Letter to Editor

Letter to the Editor: In Response to Mr. Kutschera’s Letter

November 7, 2022

To the Editors:


The Hellenic community needs more people like Mr. Kutschera – well versed in our history and an advocate for Greece. His letter to Mr. Cramer was on point. Mr. Cramer’s expression of gratitude for Pfizer CEO Dr. Albert Bourla’s Greek-Jewish family surviving the Holocaust was not only out of context but failed to elaborate how they survived. This omission did a disservice to Mr. Cramer’s viewers, the American public, and ultimately the people of Greece; the family’s survival is attributed to the heroic intervention of the family’s Greek Christian relative who risked his own life to obtain false documents, bribe German officers, and secure the safe return of family members even at the last minute after selection for death.

More importantly, Mr. Kutschera called attention to the heroism of the Hellenic people, soldiers and civilians alike, as well as to the crucial role Greece played in delaying the German offensive against the Russians. He correctly notes the ignorance of most Americans. I might add that even Europeans under the age of 60 might do well to learn of Greece’s Resistance and contributions to the war’s success. Consider the below attestations by those best positioned to know of Greece’s startling and pivotal role in the Allied victory over Nazi fascism in World War II: President Franklin Delano Roosevelt; Joseph Stalin, leader of the Soviet Union; Winston Churchill, Prime Minister of the United Kingdom; and even the wartime Head of the German General Staff.

President Roosevelt credited the Greek resistance with restoring hope to the Allies by handing the Germans their first defeat of the war, after the United Kingdom and France had already been overcome.

Wilhelm Keitel, the Chief of the German Wehrmacht Overall Commander of Nazi Germany’s Armed Forces) admitted: “The Greeks delayed by two or more vital months the German attack against Russia: If we did not have this long delay, the outcome of the war would have been different.”

Similarly, on January 31, 1943, Stalin, leader of the Soviet Union, praised the Greek people for their courage in a Moscow radio broadcast following victory against the Germans in Stalingrad.

He acknowledged that Greece’s resistance was a turning point in WWII, saying “I am sorry because I am getting old and I shall not live long to thank the Greek People, whose resistance decided WWII.”

Winston Churchill, wartime Prime Minister of Great Britain, in a speech to the House of Commons boldly affirmed: “The word heroism…does not render the least of those acts of self-sacrifice of the Greeks, which were the defining factor in the victorious outcome of the common struggle of the nations, during WWII, for human freedom and dignity. If it were not for the bravery of the Greeks and their courage, the outcome of WWII would be undetermined.”

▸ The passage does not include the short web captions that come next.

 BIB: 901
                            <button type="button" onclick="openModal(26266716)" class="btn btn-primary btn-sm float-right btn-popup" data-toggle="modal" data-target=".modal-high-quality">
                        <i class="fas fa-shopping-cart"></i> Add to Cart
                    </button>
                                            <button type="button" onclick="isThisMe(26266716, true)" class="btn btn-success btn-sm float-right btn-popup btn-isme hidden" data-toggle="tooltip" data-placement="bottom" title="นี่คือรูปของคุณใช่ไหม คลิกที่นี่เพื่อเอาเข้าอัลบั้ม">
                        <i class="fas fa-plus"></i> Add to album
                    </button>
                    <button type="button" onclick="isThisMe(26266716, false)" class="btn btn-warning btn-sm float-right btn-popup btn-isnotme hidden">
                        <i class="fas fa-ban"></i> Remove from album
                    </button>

While many other aspects and histories of the suffering of people in WWII have been exhaustively presented, unfortunately, a comprehensive, professional documentary which might reach audiences amplifying and illuminating this story of global importance does not exist.

Few outside Greece of non-Hellenic descent are even aware that we celebrate ‘OXI’ Day on October 28th. It is well past time for such a film to be made. It would be appropriate for our most prominent political organizations and particularly those which commemorate ‘OXI’ Day to fund and produce a major production that will be able to excite and engage the interest of non-Greeks as well as Hellenes. Only in this way can we begin to garner support for Greece in the likely event that it will be needed.

Squandering the tremendous goodwill that publicizing Greece’s role in World War II will generate is a wasted opportunity, and in the face of recent events and statements, dangerous, and unacceptable.

Ζήτο η Αγαπημένη Ελλάδα!


Georgia Stavropoulos, M.A., M. Phil.